Location of HDF5 file

path: str

Path within the HDF5 file

field: str | list[str] | None

Refer to a specific field within a compound dtype

pydantic model H5JsonDict[source]

Round-trip Json-able version of an HDF5 dataset

Create a new model by parsing and validating input data from keyword arguments.

Raises [ValidationError][pydantic_core.ValidationError] if the input data cannot be validated to form a valid model.

self is explicitly positional-only to allow self as a field name.

Fields:
field field: str | None = None
field file: str [Required]
field path: str [Required]
to_array_input() H5ArrayPath[source]

Construct an H5ArrayPath

class H5Proxy(file: Path | str, path: str, field: str | list[str] | None = None, annotation_dtype: str | type | Any | generic | None = None)[source]

Proxy class to mimic numpy-like array behavior with an HDF5 array

The attribute and item access methods only open the file for the duration of the method, making it less perilous to share this object between threads and processes.

This class attempts to be a passthrough class to a h5py.Dataset object, including its attributes and item getters/setters.

When using read-only methods, no locking is attempted (beyond the HDF5 defaults), but when using the write methods (setting an array value), try and use the locking methods of h5py.File .

Parameters:
  • file (pathlib.Path | str) – Location of hdf5 file on filesystem

  • path (str) – Path to array within hdf5 file

  • field (str, list[str]) – Optional - refer to a specific field within a compound dtype

  • annotation_dtype (dtype) – Optional - the dtype of our type annotation

array_exists() bool[source]

Check that there is in fact an array at path within file

classmethod from_h5array(h5array: H5ArrayPath) H5Proxy[source]

Instantiate using H5ArrayPath

property dtype: dtype

Get dtype of array, using field if present

__array__() ndarray[source]

To a numpy array

__len__() int[source]

self.shape[0]

__eq__(other: H5Proxy) bool[source]

Check that we are referring to the same hdf5 array

open(mode: str = 'r') Dataset[source]

Return the opened h5py.Dataset object

You must remember to close the associated file with close()

close() None[source]

Close the h5py.File object left open when returning the dataset with open()

class H5Interface(shape: tuple[int, ...] | Any = typing.Any, dtype: str | type | Any | generic = typing.Any)[source]

Interface for Arrays stored as datasets within an HDF5 file.
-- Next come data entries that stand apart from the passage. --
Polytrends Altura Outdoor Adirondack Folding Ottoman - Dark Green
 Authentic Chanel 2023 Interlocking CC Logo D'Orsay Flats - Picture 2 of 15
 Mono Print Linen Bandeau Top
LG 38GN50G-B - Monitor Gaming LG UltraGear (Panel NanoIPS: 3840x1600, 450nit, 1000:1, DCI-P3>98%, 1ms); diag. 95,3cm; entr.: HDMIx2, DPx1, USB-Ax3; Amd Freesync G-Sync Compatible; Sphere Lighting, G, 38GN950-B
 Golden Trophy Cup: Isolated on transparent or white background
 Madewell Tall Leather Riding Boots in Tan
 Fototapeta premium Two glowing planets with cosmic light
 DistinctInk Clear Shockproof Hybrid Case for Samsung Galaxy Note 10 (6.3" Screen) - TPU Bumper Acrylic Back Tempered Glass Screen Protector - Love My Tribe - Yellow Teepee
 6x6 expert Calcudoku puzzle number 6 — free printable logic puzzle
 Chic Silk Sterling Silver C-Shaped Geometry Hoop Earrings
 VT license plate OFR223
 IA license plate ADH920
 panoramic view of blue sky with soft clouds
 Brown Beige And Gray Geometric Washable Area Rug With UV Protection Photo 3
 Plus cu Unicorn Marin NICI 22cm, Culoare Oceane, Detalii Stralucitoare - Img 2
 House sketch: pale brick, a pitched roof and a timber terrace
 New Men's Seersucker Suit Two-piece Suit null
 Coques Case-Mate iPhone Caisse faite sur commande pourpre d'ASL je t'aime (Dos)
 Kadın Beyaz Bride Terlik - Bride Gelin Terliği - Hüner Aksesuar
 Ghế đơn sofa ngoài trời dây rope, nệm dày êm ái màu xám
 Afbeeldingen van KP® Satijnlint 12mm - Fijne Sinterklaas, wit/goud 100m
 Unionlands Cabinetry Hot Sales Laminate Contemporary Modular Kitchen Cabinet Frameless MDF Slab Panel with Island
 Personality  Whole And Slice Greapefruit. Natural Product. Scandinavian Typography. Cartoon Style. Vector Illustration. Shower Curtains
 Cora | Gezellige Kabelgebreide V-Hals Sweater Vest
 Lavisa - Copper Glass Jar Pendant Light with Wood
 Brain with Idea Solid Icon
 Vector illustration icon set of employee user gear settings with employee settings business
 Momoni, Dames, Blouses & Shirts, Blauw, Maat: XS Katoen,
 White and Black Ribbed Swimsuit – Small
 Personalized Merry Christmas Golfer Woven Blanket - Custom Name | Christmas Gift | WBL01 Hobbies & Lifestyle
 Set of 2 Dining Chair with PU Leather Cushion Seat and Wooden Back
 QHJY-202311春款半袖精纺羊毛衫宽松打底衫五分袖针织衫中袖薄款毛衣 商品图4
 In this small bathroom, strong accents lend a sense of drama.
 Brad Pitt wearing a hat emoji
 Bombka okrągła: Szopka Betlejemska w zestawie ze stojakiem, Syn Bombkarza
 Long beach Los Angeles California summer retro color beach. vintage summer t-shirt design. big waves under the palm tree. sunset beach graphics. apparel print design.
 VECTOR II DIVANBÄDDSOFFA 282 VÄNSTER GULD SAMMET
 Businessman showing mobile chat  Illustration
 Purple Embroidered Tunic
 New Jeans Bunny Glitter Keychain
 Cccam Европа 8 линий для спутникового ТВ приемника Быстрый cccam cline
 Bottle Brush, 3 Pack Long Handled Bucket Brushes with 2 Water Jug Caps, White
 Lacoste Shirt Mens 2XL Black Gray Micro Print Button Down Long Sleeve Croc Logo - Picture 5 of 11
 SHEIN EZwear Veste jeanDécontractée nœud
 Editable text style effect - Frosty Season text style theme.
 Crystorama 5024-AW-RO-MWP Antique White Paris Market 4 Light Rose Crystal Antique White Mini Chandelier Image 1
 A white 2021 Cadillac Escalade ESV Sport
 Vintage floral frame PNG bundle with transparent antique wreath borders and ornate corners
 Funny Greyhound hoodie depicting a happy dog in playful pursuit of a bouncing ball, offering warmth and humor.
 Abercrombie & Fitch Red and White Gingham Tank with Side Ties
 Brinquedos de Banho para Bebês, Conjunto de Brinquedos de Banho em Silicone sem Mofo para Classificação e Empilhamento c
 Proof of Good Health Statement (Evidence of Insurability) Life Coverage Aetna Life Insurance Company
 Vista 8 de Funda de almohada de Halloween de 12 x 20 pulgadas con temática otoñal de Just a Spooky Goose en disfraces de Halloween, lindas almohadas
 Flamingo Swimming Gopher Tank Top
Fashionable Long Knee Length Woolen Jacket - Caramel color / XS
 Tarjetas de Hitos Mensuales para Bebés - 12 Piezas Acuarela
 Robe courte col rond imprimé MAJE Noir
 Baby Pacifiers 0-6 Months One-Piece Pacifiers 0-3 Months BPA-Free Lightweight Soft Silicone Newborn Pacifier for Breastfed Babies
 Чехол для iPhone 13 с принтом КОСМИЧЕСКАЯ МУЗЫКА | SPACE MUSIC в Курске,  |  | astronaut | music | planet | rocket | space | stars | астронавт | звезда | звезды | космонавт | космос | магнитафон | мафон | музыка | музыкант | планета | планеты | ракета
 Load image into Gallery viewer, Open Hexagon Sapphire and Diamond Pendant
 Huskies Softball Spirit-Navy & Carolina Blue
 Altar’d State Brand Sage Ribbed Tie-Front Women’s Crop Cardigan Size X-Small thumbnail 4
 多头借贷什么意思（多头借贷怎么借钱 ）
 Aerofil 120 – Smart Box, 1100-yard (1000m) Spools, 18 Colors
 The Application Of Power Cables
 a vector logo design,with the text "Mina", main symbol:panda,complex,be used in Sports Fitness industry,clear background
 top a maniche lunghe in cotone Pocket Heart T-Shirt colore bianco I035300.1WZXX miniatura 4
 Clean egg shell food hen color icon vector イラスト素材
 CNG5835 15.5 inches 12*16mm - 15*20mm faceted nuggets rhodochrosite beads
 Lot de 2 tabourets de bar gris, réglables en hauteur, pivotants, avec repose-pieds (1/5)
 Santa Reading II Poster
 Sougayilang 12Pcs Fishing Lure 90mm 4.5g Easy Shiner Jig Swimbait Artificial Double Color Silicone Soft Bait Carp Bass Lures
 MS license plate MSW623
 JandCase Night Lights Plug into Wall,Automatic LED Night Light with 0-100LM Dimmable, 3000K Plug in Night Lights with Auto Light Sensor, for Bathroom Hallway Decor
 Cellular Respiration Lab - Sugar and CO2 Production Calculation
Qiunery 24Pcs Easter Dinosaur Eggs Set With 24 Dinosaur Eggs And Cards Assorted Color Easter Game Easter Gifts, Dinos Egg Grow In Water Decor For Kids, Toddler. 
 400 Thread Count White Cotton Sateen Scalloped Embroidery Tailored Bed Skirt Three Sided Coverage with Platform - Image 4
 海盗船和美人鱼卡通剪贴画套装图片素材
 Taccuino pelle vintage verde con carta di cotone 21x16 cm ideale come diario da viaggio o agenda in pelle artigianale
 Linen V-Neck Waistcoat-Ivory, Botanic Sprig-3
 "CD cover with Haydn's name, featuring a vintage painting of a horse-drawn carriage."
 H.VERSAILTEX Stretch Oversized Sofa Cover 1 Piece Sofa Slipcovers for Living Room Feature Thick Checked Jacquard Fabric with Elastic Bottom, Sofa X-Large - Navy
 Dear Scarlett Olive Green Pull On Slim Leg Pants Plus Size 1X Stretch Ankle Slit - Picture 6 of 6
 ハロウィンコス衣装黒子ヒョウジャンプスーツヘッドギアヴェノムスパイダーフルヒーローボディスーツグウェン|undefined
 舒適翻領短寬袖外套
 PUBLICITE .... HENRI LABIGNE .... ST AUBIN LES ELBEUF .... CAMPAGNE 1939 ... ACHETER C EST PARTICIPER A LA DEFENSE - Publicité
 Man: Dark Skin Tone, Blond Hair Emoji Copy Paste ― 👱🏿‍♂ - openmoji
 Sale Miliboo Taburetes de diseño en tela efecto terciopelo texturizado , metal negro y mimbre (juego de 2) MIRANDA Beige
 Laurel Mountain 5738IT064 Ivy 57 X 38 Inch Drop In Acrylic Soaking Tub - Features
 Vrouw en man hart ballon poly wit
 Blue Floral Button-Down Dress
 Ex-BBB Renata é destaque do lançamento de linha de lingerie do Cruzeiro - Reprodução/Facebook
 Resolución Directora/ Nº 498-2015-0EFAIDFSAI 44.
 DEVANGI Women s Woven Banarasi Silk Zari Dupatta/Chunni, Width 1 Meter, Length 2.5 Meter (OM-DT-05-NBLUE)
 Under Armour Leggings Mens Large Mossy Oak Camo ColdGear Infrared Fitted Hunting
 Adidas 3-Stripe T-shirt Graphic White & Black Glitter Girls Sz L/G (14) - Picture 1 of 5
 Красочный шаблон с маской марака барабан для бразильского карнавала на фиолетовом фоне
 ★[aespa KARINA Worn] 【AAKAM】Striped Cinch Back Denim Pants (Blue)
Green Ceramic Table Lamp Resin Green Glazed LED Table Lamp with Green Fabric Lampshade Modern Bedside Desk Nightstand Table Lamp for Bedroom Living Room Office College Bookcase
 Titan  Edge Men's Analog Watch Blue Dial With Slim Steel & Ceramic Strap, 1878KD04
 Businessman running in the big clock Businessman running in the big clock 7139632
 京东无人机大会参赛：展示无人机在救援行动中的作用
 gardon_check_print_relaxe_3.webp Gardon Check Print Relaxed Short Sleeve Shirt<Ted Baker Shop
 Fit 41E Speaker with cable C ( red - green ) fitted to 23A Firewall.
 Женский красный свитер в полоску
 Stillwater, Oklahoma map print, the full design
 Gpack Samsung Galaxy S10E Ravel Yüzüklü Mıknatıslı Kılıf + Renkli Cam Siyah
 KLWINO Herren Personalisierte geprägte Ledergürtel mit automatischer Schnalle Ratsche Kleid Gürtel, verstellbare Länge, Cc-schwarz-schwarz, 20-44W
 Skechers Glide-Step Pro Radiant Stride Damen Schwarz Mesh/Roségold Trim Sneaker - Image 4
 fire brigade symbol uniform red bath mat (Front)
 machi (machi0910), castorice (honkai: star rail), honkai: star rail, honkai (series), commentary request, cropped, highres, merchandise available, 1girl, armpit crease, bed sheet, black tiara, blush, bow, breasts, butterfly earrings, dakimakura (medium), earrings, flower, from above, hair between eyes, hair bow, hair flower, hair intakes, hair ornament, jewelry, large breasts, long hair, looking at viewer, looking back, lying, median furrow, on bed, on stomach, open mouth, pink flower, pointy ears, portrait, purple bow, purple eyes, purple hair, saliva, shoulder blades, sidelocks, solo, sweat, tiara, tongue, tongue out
Takes a H5ArrayPath specifier to select a h5py.Dataset from a h5py.File and returns a H5Proxy class that acts like a passthrough numpy-like interface to the dataset.

return_type

alias of H5Proxy

json_model

alias of H5JsonDict

classmethod enabled() bool[source]

Check whether h5py can be imported

classmethod check(array: H5ArrayPath | tuple[Path | str, str]) bool[source]

Check that the given array is a H5ArrayPath or something that resembles one.

before_validation(array: Any) NDArrayType[source]

Create an H5Proxy to use throughout validation

get_dtype(array: NDArrayType) str | type | Any | generic[source]

Get the dtype from the input array

Subclasses to correctly handle

classmethod to_json(array: H5Proxy, info: SerializationInfo | None = None) dict[source]

Render HDF5 array as JSON

If round_trip == True, we dump just the proxy info, a dictionary like:

  • file: file

  • path: path

  • attrs: Any HDF5 attributes on the dataset

  • array: The array as a list of lists

Otherwise, we dump the array as a list of lists